You can ask any zombie fan which zombies are the best, and you’ll likely rouse a heated debate. There are those who love slow zombies, those who want ’em fast. Some stand firmly on the premise that a zombie infected with a virus, like in 28 Days Later and The Walking Dead, aren’t true zombies in the purest sense of the meaning. Not to mention the endless debates over the best way to kill a zombie.
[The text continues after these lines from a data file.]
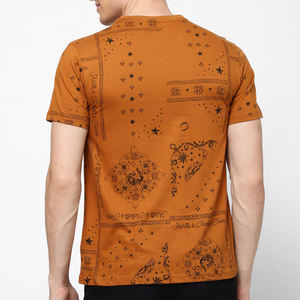 Camiseta de Manga Corta para Hombre, Cuello Redondo, Color Marrón, con Estampado de Estrellas, Corte Regular, Informal, Transpirable, de Algodón, X Sports City 320g - Product Image 5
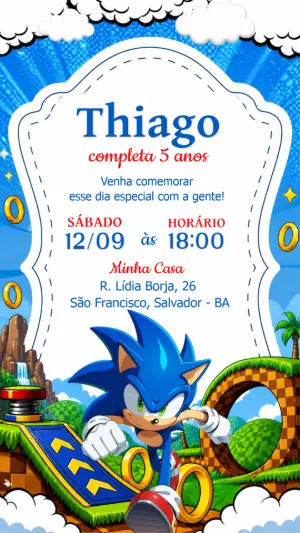 Convite de Aniversário Sonic Clássico para Editar Online
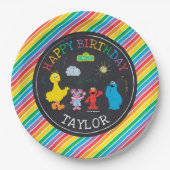 セサミストリートパルズチャルクボードレインボー誕生日 ペーパープレート (正面)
Mythbusters even did a zombie special that tested out various theories.

Modern day zombie lore pulls elements from various cultures and legends. The first that usually comes to mind are the Haitian zombies. There’s also the evolution of zombies in film, from those depicted in classics like White Zombie from 1932, to George A. Romero’s Night of the Living Dead zombies in 1968, to modern-day movie zombies.

Here’s a look a the various zombie legends that influenced that zombie myths we have today.

Haitian Zombies

The origin of the word “zombie” allegedly comes from the Kongo word “nzambi” and is another word for soul. When slaves were brought to the Americas from African they brought with them the Vodou religion. This is the where the concept of voodoo and zombies originated.

Zombies, however, are found on the fringes of the Vodou religion. It is not a common practice and the making of a zombie is shrouded in mystery. (Though many now attribute the main ingredient to be from the puffer fish.) A zombie created through the seemingly magical process was more of a slave than a monster. They were used for hard, manual labor.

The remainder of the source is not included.